What to produce: The answer is to be the lines below that lie between the line holding "Group of people" and the line holding "Orchid pink hand", inclusive, transcribed exactly and free of pictures.

(Dataset content Opens)

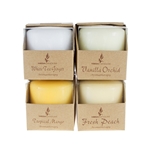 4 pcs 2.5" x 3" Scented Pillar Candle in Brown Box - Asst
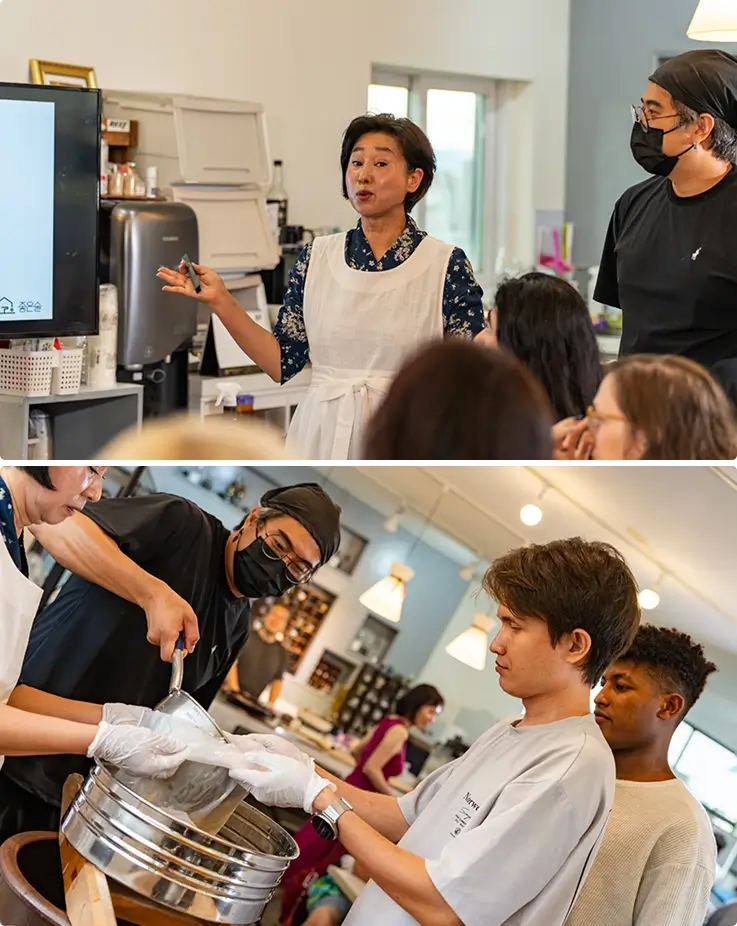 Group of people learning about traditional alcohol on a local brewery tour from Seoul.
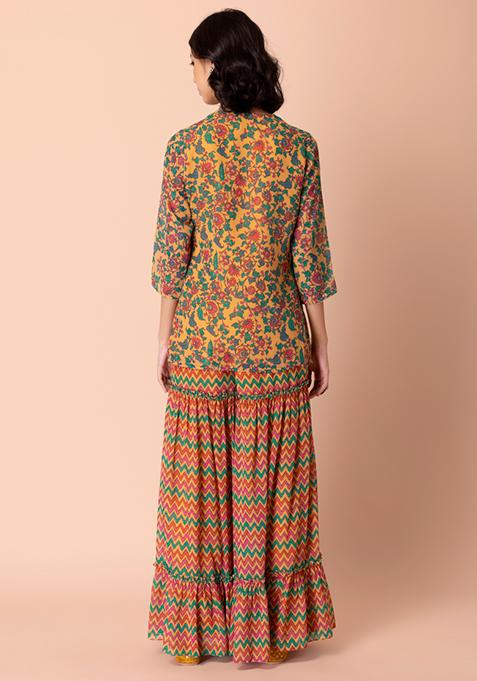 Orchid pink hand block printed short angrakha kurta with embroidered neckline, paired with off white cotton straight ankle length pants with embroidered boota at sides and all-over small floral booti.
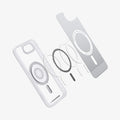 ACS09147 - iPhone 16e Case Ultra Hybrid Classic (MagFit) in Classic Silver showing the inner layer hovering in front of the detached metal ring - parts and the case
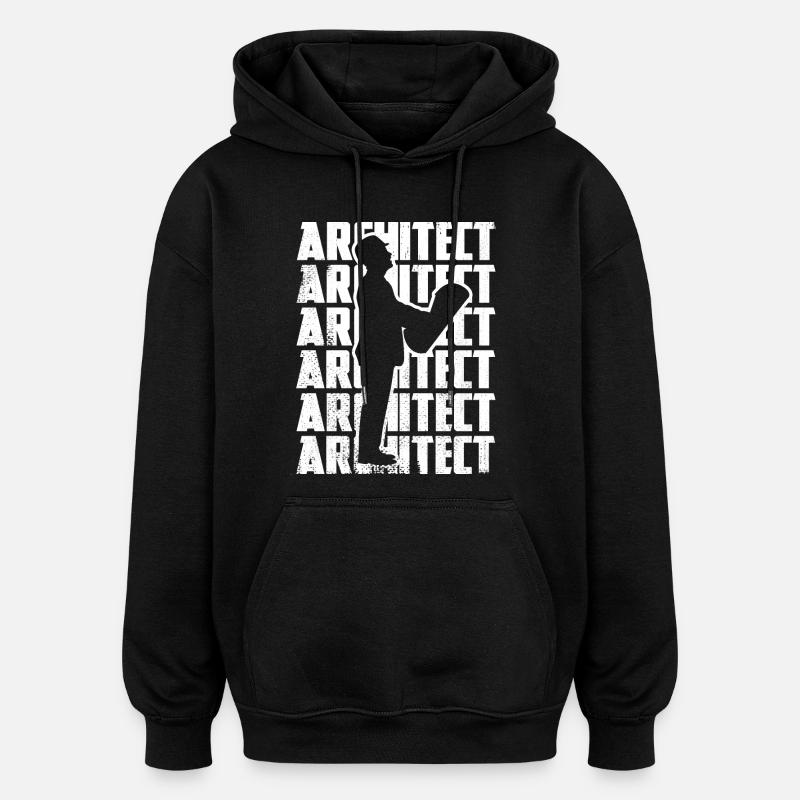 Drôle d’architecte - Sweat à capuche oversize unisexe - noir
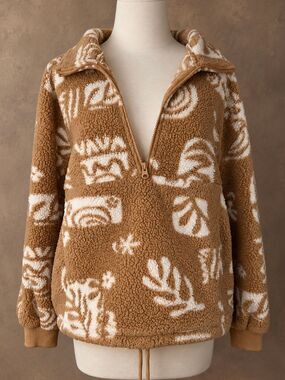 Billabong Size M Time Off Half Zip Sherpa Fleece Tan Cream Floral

(Dataset content Closes)

Response to this task:
 Group of people learning about traditional alcohol on a local brewery tour from Seoul.
 Orchid pink hand block printed short angrakha kurta with embroidered neckline, paired with off white cotton straight ankle length pants with embroidered boota at sides and all-over small floral booti.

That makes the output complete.